Survient alors promptement la question subséquente : est-ce que cette société laïque est à défendre ou à construire ? Les deux ! De grandes et difficiles conquêtes ont été arrachées – la loi de 1905, la loi de Jaurès, en tout premier lieu, dont on fêtera les 110 ans en décembre – mais le statu quo inabouti et, par là, intolérablement hypocrite, appelle, d’urgence, extension et approfondissement. Liberté d’expression, combat de l’obscurantisme, approfondissement laïque (donc de la liberté, de l’égalité et de la démocratie) : ne sont-ce pas des perspectives civilisationnelles qui sont nôtres et qui peuvent se marier aux exigences de constitution de ce large rassemblement de classe sans lequel tout projet progressiste n’est qu’amas de mots ?

 

Dans le même temps, car il y a souvent deux bouts à tenir – et malheur aux hémiplégiques politiques ! – nous ne voulons pas davantage d’une société militarisée, aux libertés étouffées pour que l’ordre bourgeois règne. Instruits de l’usage antipopulaire des lois liberticides, nous refusons ce piège grossier. « Pas de liberté pour les ennemis de la liberté » disait le grand Saint-Just au temps glorieux et périlleux de la Révolution française, mais, chacun le sait ou devrait le savoir, ses plus puissants ennemis ne sont pas aujourd’hui dans nos quartiers – jetés en pâture au soupçon public – et les projets de loi qu’on appelle à droite ne les visent pas, eux. D’évidence, on ne protégera pas la Liberté en sacrifiant les libertés populaires ! Les réponses véritables sont ailleurs.

 

Virer cap pour cap

Si on a bien en tête que les frères Kouachi et Amedy Coulibaly sont français, ont grandi et passé leur vie en France et ne sont donc en rien des Croisés venus de quelque contrée lointaine, alors la question qui est posée n’est pas celle de quelque fantasmatique fermeture des frontières ou de forteresses et mâchicoulis à opposer à l’étranger ennemi, mais celle de notre société qui, nolens volens, a produit ces individus.
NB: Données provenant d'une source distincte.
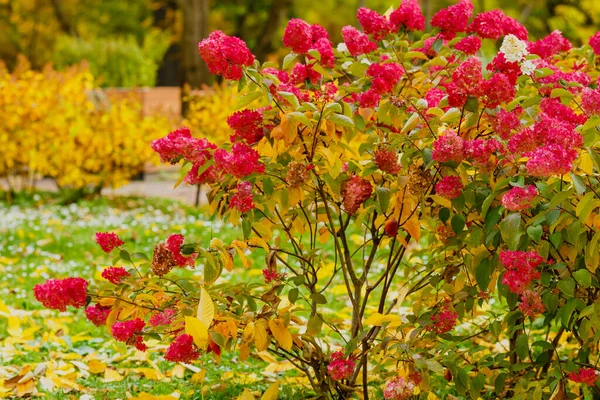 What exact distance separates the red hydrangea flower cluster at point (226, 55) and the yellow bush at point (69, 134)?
718 centimetres

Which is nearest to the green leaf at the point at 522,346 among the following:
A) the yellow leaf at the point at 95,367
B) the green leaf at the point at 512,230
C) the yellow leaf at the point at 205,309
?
the green leaf at the point at 512,230

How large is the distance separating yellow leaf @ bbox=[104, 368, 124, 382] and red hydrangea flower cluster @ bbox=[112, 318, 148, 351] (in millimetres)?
1189

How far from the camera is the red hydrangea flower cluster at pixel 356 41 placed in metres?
3.10

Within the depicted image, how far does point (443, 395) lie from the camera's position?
3621 mm

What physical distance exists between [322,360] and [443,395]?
748 millimetres

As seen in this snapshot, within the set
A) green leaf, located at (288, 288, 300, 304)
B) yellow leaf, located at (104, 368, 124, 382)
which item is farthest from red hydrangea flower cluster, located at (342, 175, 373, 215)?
yellow leaf, located at (104, 368, 124, 382)

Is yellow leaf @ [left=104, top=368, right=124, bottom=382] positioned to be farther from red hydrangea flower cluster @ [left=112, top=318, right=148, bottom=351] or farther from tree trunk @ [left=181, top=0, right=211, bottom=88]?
tree trunk @ [left=181, top=0, right=211, bottom=88]

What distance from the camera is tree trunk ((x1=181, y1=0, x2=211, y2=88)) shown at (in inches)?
535

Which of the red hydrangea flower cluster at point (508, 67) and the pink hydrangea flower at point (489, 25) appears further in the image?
the pink hydrangea flower at point (489, 25)

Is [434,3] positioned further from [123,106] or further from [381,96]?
[381,96]

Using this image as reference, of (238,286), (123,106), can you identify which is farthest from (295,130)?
(123,106)

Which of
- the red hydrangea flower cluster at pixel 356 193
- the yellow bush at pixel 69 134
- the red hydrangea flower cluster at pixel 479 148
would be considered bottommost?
the yellow bush at pixel 69 134

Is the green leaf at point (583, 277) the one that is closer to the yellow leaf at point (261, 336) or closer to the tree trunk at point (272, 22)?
the yellow leaf at point (261, 336)

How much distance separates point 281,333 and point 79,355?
1.82 m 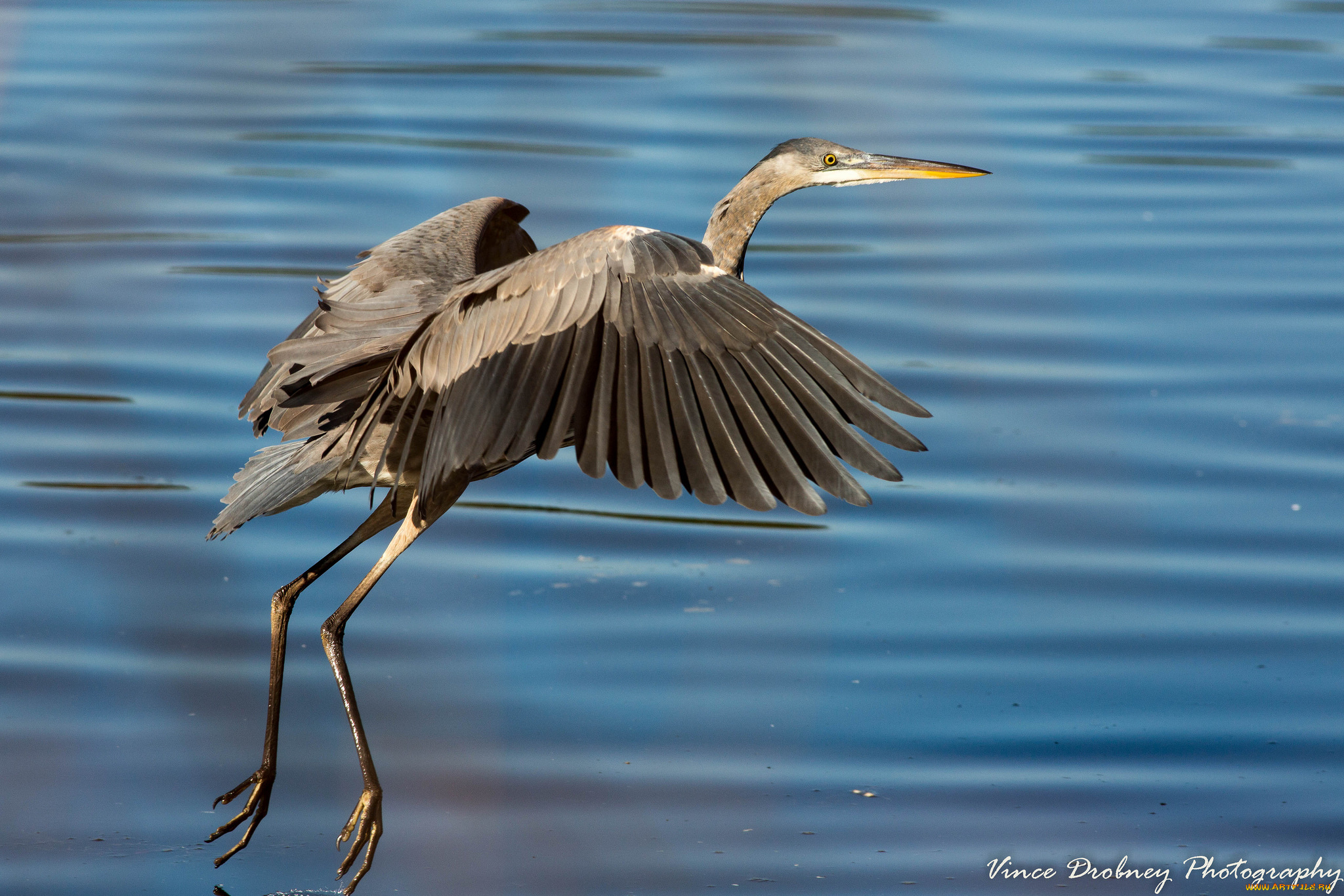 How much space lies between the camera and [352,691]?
5316 millimetres

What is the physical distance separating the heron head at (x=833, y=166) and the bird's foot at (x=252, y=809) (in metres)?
2.38

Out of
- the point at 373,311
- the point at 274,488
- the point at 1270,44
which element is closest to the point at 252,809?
the point at 274,488

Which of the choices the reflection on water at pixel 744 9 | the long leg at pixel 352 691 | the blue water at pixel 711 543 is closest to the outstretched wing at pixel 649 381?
the blue water at pixel 711 543

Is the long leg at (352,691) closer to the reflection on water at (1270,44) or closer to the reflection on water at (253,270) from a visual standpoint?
the reflection on water at (253,270)

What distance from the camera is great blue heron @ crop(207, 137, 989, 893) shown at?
3803mm

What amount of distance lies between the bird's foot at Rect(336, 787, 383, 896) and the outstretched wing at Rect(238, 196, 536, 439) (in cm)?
106

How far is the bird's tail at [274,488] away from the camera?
16.5 feet

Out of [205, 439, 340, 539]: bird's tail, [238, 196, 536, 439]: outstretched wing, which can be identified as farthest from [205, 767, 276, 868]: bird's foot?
[238, 196, 536, 439]: outstretched wing

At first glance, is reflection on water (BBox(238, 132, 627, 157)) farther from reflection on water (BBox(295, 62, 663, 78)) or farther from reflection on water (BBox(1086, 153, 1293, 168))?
reflection on water (BBox(1086, 153, 1293, 168))

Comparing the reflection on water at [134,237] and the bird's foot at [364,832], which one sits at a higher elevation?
the reflection on water at [134,237]

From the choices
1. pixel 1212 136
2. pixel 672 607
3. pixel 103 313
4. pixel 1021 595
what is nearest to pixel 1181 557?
pixel 1021 595

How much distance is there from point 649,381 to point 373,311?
1466 mm

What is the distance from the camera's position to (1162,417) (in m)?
8.19

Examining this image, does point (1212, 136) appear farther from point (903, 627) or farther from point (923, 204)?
point (903, 627) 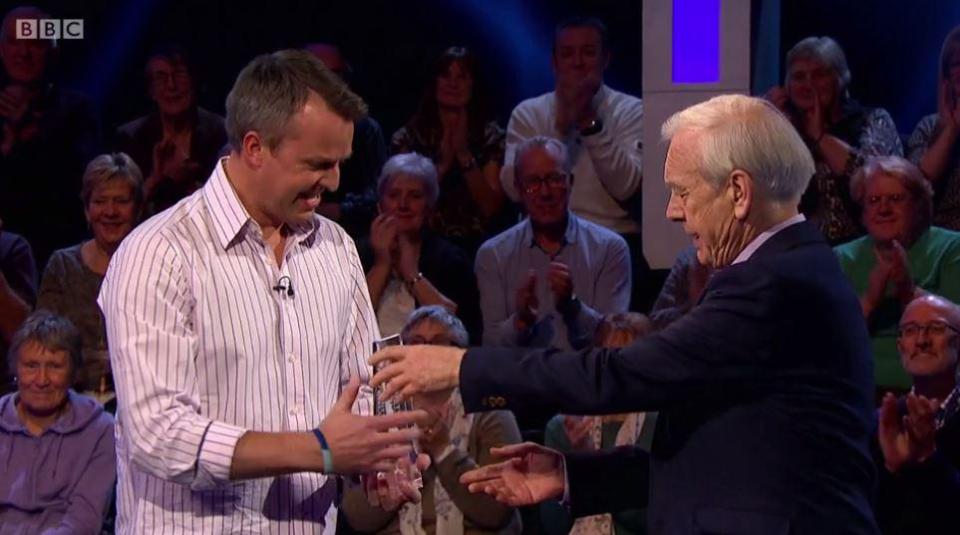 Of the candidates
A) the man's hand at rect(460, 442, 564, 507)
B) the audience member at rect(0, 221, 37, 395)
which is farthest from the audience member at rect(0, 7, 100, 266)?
the man's hand at rect(460, 442, 564, 507)

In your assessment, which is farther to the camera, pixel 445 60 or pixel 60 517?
pixel 445 60

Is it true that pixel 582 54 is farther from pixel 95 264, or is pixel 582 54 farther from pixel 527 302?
pixel 95 264

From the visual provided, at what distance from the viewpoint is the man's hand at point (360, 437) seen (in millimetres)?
2686

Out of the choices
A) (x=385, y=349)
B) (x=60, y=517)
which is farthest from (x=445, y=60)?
(x=385, y=349)

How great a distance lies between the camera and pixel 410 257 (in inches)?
227

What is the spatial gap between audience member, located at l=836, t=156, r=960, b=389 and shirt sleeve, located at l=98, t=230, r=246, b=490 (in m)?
3.18

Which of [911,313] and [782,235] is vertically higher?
[782,235]

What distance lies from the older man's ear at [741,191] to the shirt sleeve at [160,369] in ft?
3.21

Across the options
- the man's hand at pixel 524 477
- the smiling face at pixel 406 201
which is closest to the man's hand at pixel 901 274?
the smiling face at pixel 406 201

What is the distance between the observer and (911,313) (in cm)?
498

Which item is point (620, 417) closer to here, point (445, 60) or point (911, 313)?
point (911, 313)

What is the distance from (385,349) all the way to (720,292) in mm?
635

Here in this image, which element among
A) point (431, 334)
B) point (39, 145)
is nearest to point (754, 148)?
point (431, 334)

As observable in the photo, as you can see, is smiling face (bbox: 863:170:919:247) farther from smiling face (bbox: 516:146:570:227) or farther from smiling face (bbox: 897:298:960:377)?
smiling face (bbox: 516:146:570:227) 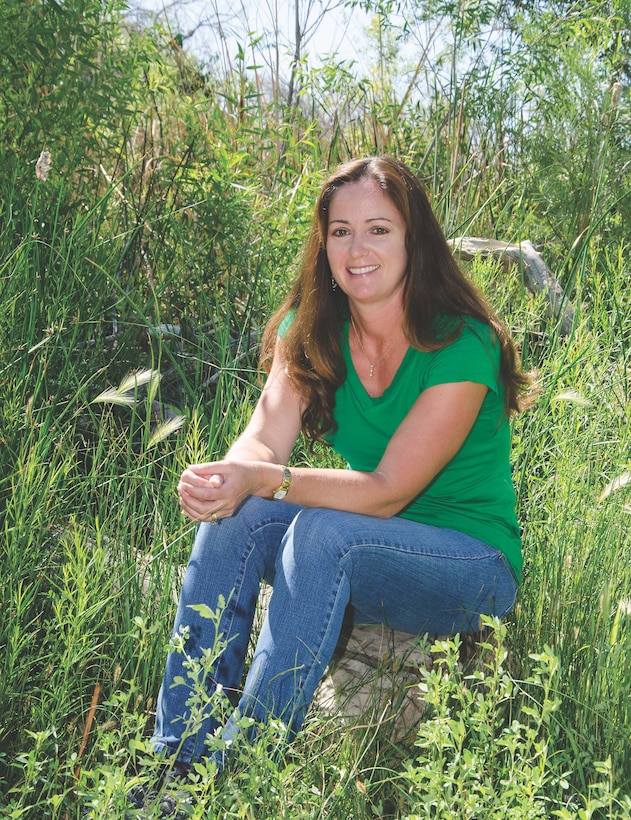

En d’autres termes, face aux tentations liberticides qui peuvent percer ici ou là, jouissant des apparences de « l’efficacité sans angélisme », on ne saurait trop méditer cette réflexion que Marx formulait à propos de la peine de mort dans le New York Daily Tribune en janvier 1853 : « Quelle sorte de société est-ce donc, celle qui ne connaît pas meilleur instrument pour se défendre que le bourreau et dont le « journal vedette 00» proclame au monde entier que sa propre brutalité est une loi éternelle ? […] Au lieu de magnifier le bourreau qui exécute une partie des criminels à seule fin de faire place aux suivants, n’y a-t-il pas nécessité de sérieusement réfléchir à changer le système qui engendre de tels crimes ? »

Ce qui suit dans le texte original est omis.